E se l’anno scolastico si chiuse con il preside del Pacioli che disse “voi del Csp siete stati scorretti, mi avete attaccato con tutti i mezzi!”, l’apertura del nuovo anno scolastico ha visto l’espansione del “metodo Pacioli”.
Infatti, il preside del liceo “A. Racchetti”, scuola dove in alcune classi nessuno ha pagato il contributo, ha adottato una serie di provvedimenti che trasformano il contributo volontario quasi in un’imposta con tanto di “condono fiscale”: se non paghi non hai accesso a nessuna iniziativa (da quanto comunicato probabilmente si è esclusi anche dalle gite), se i 2/3 della classe non hanno pagato la discriminazione viene estesa a tutta la classe, i non paganti hanno tempo fino al 30 settembre per mettersi in regola pagando i contributi in modo da poter accedere ad alcune delle iniziative scolastiche.
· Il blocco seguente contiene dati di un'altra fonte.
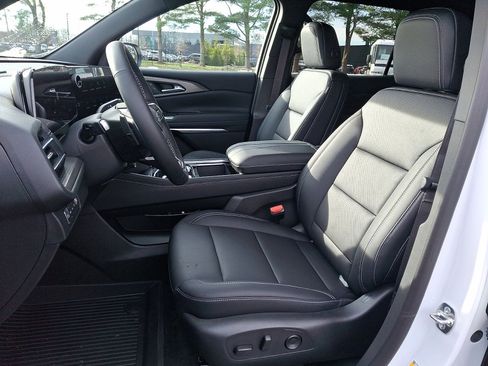 New 2026 Chevrolet Traverse LT w/ Midnight/Sport Edition image 14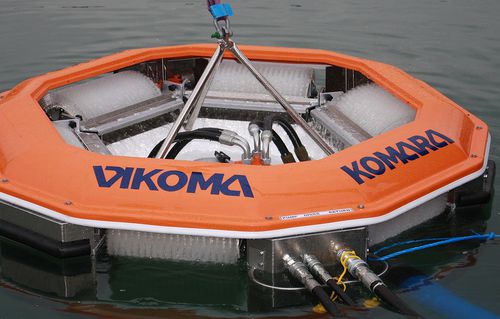 Skimmer per idrocarburi a stramazzo - Komara Maxi - Vikoma International - a spazzzola / a disco / a bande oleofile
Nessuno è esonerato nemmeno per motivi di reddito.
Le misure arrivano a settembre momento di riorganizzazione del collettivo e del movimento studentesco. Tuttavia, nel giro di una settimana siamo stati in grado di mettere in piedi una campagna di difesa dei non paganti del Racchetti anche grazie all’esperienza accumulata con il “caso Pacioli” e alla rabbia degli studenti del liceo, rabbia che per alcuni di loro si è trasformata in organizzazione iniziando a partecipare al collettivo Csp.
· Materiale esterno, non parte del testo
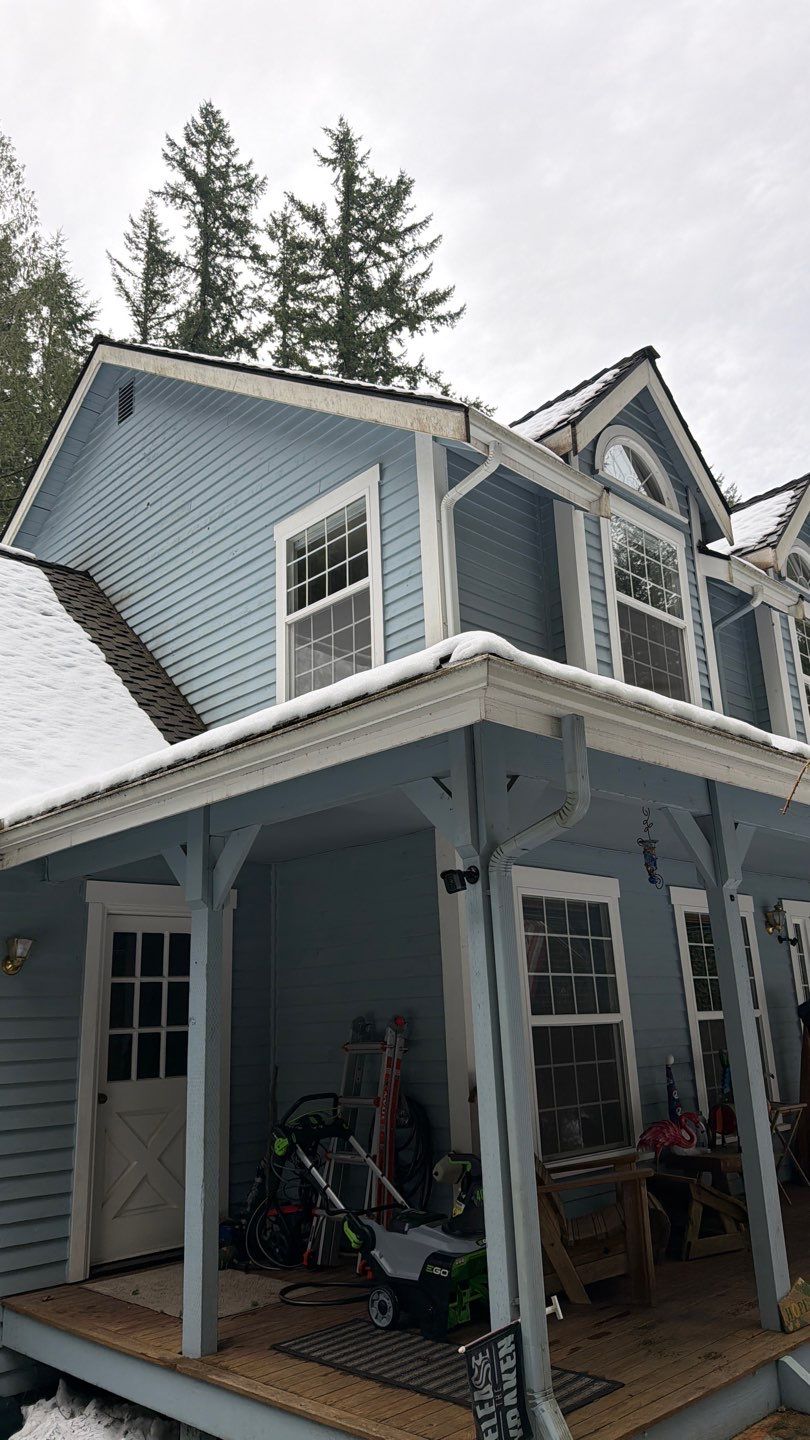 Cascade WinPro Window Replacement for a North Bend Home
Alla richiesta di andare a chiedere i soldi al ministero invece che alle famiglie il preside risponde tramite la stampa locale dicendo “anche la sanità è pubblica eppure si paga il ticket, non vedo il motivo di non dover far pagare qualcosa anche per la scuola pubblica”. Con questa affermazione l’intento sembra chiaro, si vuole trasformare la scuola pubblica e gratuita in una scuola a pagamento. Se da un lato il preside afferma questo, dall’altro inizia a scaricare le responsabilità: “non è stata una mia decisione, è una delibera del Consiglio d’istituto. L’Autonomia scolastica dice che i Consigli d’istituto devono reperire forme di finanziamento, come questa ad esempio”. È vero che secondo l’autonomia scolastica, che pure contestiamo, i Consigli d’istituto hanno il potere di chiedere un versamento alle famiglie e decidere a quanto farlo ammontare. è altrettanto vero però che tale versamento è volontario e pertanto consigliamo al preside, sperando che l’errore sia in buona fede, di andare a leggere meglio la normativa (legge 40/2007 all’art 13, circolare ministeriale del 20 marzo 2012).
Vogliono che l’istruzione torni ad essere riservata all’élite. Lo giustificano dicendo che mancano i soldi, bisogna pagare il debito. Dobbiamo rispondere che il debito non va pagato, ai loro attacchi la scuola deve reagire tutta insieme, lavoratori e studenti, perché solo insieme si può vincere. L’istruzione deve restare pubblica e deve tornare a essere di qualità!